# Thread: Improper Integral Help (Again)

1. ## Improper Integral Help (Again)

Doing this problem. I have the antiderivative after using partial fraction decomposition. What I do not understand is the answer. I thought that this was divergent, but it is convergent. When I look at the end product, I do not get how that converges.

Problem:
50. $\displaystyle \int^2_\infty \frac{dx}{(x+3)(x+1)^2}$

Now my question is, as lim R-> $\displaystyle \infty-$, does that cancel out the "ln" terms?
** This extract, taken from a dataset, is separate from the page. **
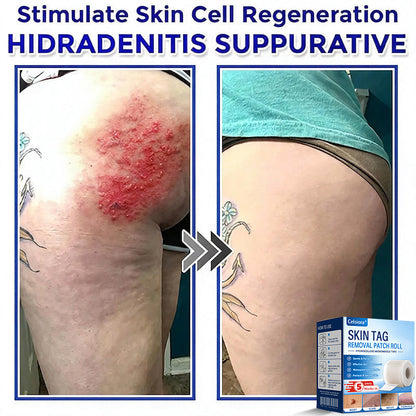 🎉👑Celsiora® Multi-Functional Microneedle Hydrocolloid Patch Roll | Targets Skin Tags, Warts & Stubborn Blemishes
2. are you sure the integral is $\displaystyle \infty$ to $\displaystyle 2$

3. $\displaystyle log(x+3)-log(x+1)=log\frac{x+3}{x+1}=0$ as x tends to infinity

4. Amul you are right I put the domain backwards. Thank you Alex for that observation, totally forgot about that.

5. $\displaystyle \frac{1}{(x+3)(x+1)^2}=\frac{1}{4(x+3)}+\frac{1}{2 (x+1)^2}-\frac{1}{4(x+1)}$

6. Originally Posted by Plato
$\displaystyle \frac{1}{(x+3)(x+1)^2}=\frac{1}{4(x+1)}+\frac{1}{2 (x+1)^2}-\frac{1}{4(x+1)}$
Thank you for your help Plato .

7. Originally Posted by Plato
$\displaystyle \frac{1}{(x+3)(x+1)^2}=\frac{1}{4(x+1)}+\frac{1}{2 (x+1)^2}-\frac{1}{4(x+1)}$
Am I missing something? When x= 0, the left side is $\displaystyle \frac{1}{3}$ and the right side is $\displaystyle \frac{1}{2}$. I don't believe those are equal!

8. Thanks. There is a typo.
Corrected.